Obamas Trauerrede in Charleston Der Präsident als Prediger

Charleston · US-Präsident Obama nutzt die Trauerfeier nach dem Mord an neun Afroamerikanern für eine bewegende Rede. Das Verbrechen habe viele Probleme seines Landes offengelegt, von der Waffengewalt bis zur Diskriminierung von Schwarzen.

In einer Trauerrede nach den Todesschüssen auf neun Afroamerikaner hat US-Präsident Barack Obama das Land zum Nachdenken über die Diskriminierung von Schwarzen aufgerufen.

"Vielleicht erkennen wir jetzt, wie uns rassistische Vorurteile infizieren können, selbst wenn wir es nicht merken", sagte er am Freitag bei einer Gedenkfeier in Charleston (South Carolina) gut eine Woche nach dem Massenmord in einer Kirche. Es gehe nicht nur darum, dass immer noch abwertende Sprüche über Schwarze gemacht würden, sondern dass sie auch konkrete Nachteile erführen.

In seiner emotionalen rund 40 Minuten langen Ansprache für Pfarrer Clementa Pinckney, der zu den Opfern gehörte, verwies Obama mehrfach auf Gott und die Bibel. Am Ende sang er gar die Hymne "Amazing Grace" (erstaunliche Gnade), was für einen Präsidenten bei einem öffentlichen Auftritt außergewöhnlich ist und für Rührung sorgte.
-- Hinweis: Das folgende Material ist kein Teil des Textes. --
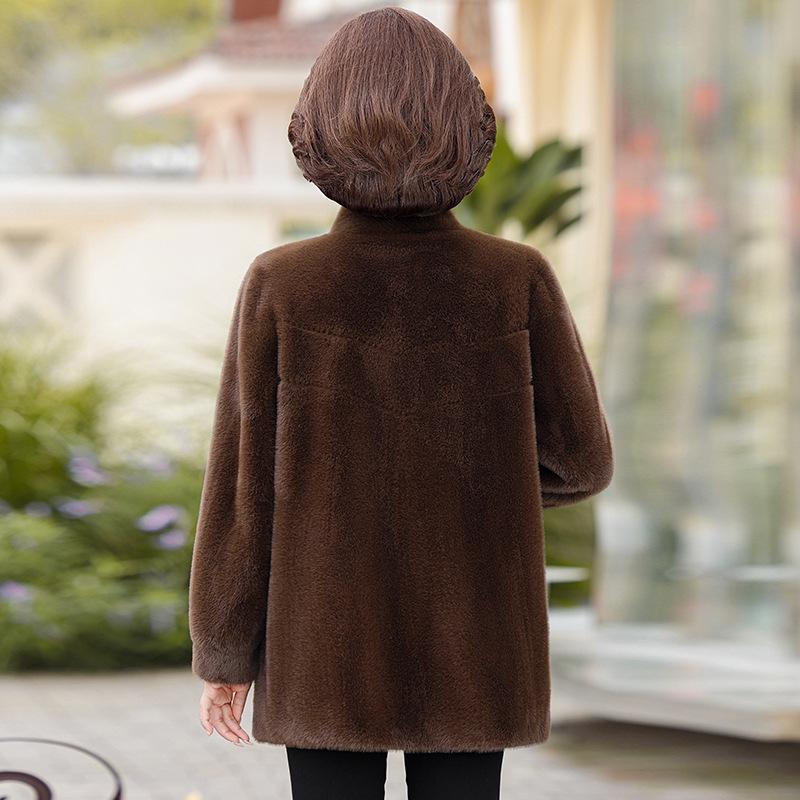 Mom's Eco-Friendly Winter Velvet Faux Mink Coat - Modern Short Style for Middle-Aged and Elderly Women 2026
Man dürfe jetzt nicht einfach zur Tagesordnung übergehen, forderte Obama. Der mutmaßlich rassistisch motivierte Massenmord bei einer Bibelstunde Mitte Juni habe die Schwächen des Landes aufgezeigt. Gott "hat uns erlaubt zu sehen, wo wir blind waren".

Es sei Zeit, "sich den unangenehmen Wahrheiten zu stellen", sagte er. Eindringlich kritisierte er die anhaltende tödliche Gewalt mit Schusswaffen in den USA. "Zu lange sind wir blind gewesen gegenüber dem einzigartigen Chaos, das Waffengewalt dieser Nation zufügt."

Der mutmaßliche, geständige Mörder Dylann Roof ist nach Obamas Worten aber mit seinem Vorhaben gescheitert, das Land zu spalten. Der 21-Jährige Weiße habe nicht damit gerechnet, dass die Hinterbliebenen der Opfer mit Vergebung reagieren und dass die USA die Bluttat als Anstoß zur Selbstprüfung nutzen würden, sagte er. "Gott hat andere Vorstellungen", meinte er unter dem Jubel von mehr als 5000 Teilnehmern der Veranstaltung.

Der Präsident forderte in der Rede auch die generelle Entfernung der Konföderierten-Kriegsflagge, die in einigen Südstaaten noch gehisst wird. Sie stammt aus der Bürgerkriegszeit und steht Kritikern zufolge für die damalige Bereitschaft des Südens, gegen den Norden in den Krieg zu ziehen, um die Sklaverei beibehalten zu können. Befürworter sehen sie dagegen als Symbol, um der Opfer des Kriegs zu gedenken.

"Zu lange waren wir blind gegenüber dem Schmerz, den die Konföderierten-Flagge in zu vielen unserer Bürger auslöste."